Banque de données la plus importante de l’ère digitale
Tous les experts réunis ce matin-là à Berlin le savent, mais ce n’est pas là leur préoccupation principale. Ils se soucient plutôt de rendre accessible au plus grand nombre les documents qui ont déjà été révélés dans la presse, de manière à ce qu’ils servent de ressources à d’autres recherches. Autour de la table, des spécialistes des services de renseignement américains, des représentantes d’ONG, des pionniers de l’archivage des documents révélés par Edward Snowden, invités à partager leurs savoirs et leurs idées par la plateforme de journalisme citoyen Berliner Gazette, qui a organisé ce workshop à l’occasion de la Transmediale, festival berlinois dédié à la culture post-numérique.
L’effervescence est palpable dans la petite salle de réunion où est réunie la vingtaine de participants. La plupart d’entre eux se rencontrent pour la première fois, leurs yeux brillent de la conscience commune qu’ils sont en train de jeter les bases de ce qu’ils estiment être la banque de données la plus importante de l’ère digitale : les archives Snowden. Le jeune programmeur américain M. C. McGrath, fondateur de l’organisation Transparency Toolkit, qui met à disposition des internautes différents softwares gratuits leur permettant d’espionner à leur tour la NSA, est venu présenter la base de données en ligne Snowden Doc Search, qu’il a mise au point avec le soutien de l’ONG Courage Foundation. Ces archives recèlent à ce jour plus de 500 documents communiqués par Edward Snowden, reconstitués à partir des fragments publiés dans la presse et tous accessibles via une recherche par mots-clefs et par le biais de l’utilisation de filtres tels que les agences de renseignement concernées, les noms de code des programmes de surveillance ou encore les pays mentionnés. « Même si la plupart des gens qui s’intéressent aux nouvelles révélations qui sortent dans la presse sont des spécialistes ou des gens qui travaillent sur cette question, tous les documents peuvent contribuer à une compréhension à plus vaste échelle. Plus on les lit, plus on comprend ce qui se passe », explique Naomi Colvin, membre du bureau londonien de la Courage Foundation.

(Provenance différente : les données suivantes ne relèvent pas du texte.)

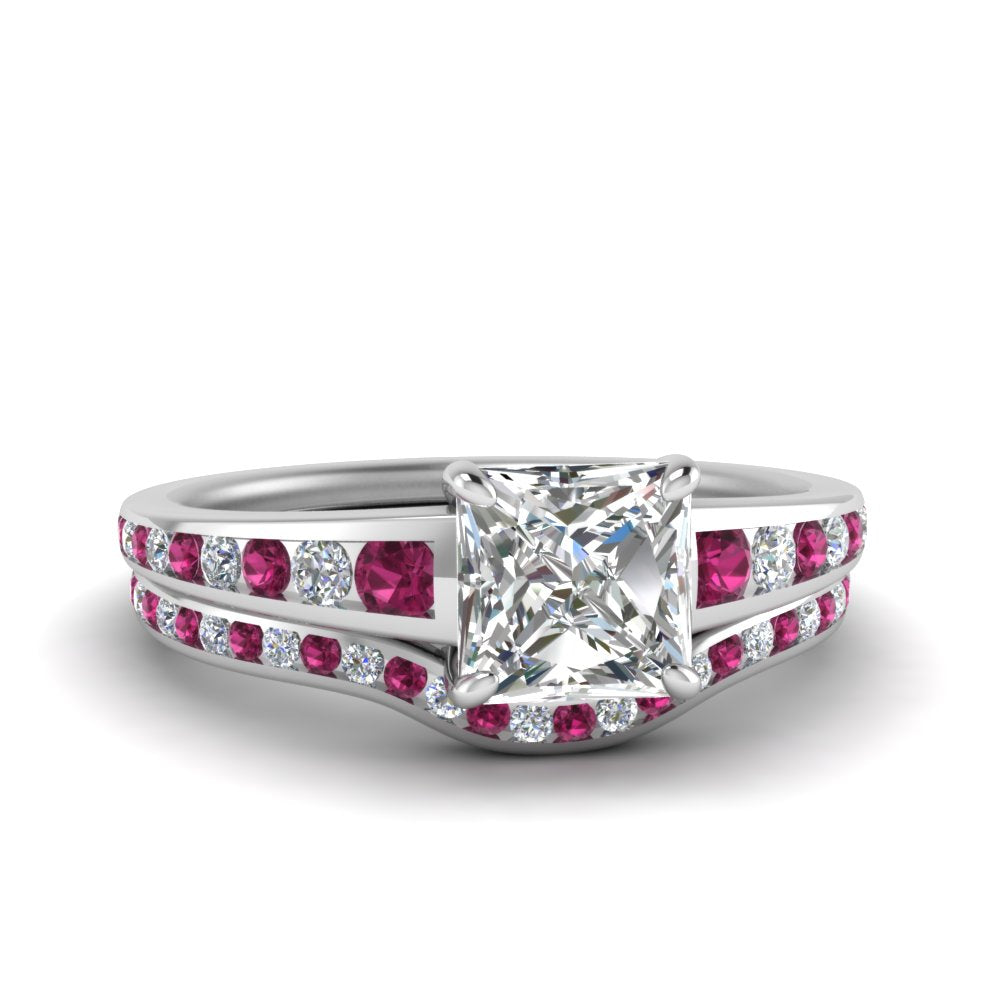 princess-cut-graduated-channel-diamond-wedding-set-with-pink-sapphire-in-FD122866PRGSADRPI-NL-WG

D’autres projets d’archives en ligne sont représentés, tels le pionnier Cryptome, une plateforme américaine qui liste uniquement les extraits de documents publiés dans la presse, et le site The Snowden Digital Surveillance Archive, hébergé par l’organisation Canadian Journalists for Free Expression. Son fondateur, Andrew Clement, professeur de politique de l’information à l’Université de Toronto, a lancé l’an dernier cette base de données qui regroupe à la fois des extraits des documents secrets et les articles de presse dans lesquels ils sont cités. « J’essaye de faire en sorte que les gens puissent les étudier, d’aider les universitaires et les journalistes dans leurs recherches », explique Andrew Clement qui, sans critiquer ouvertement le travail des journalistes d’investigation, se dit préoccupé par le fait que « les documents qui ont été publiés n’ont jusqu’ici pas assez été utilisés activement pour parler des agences de sécurité et des entreprises impliquées. »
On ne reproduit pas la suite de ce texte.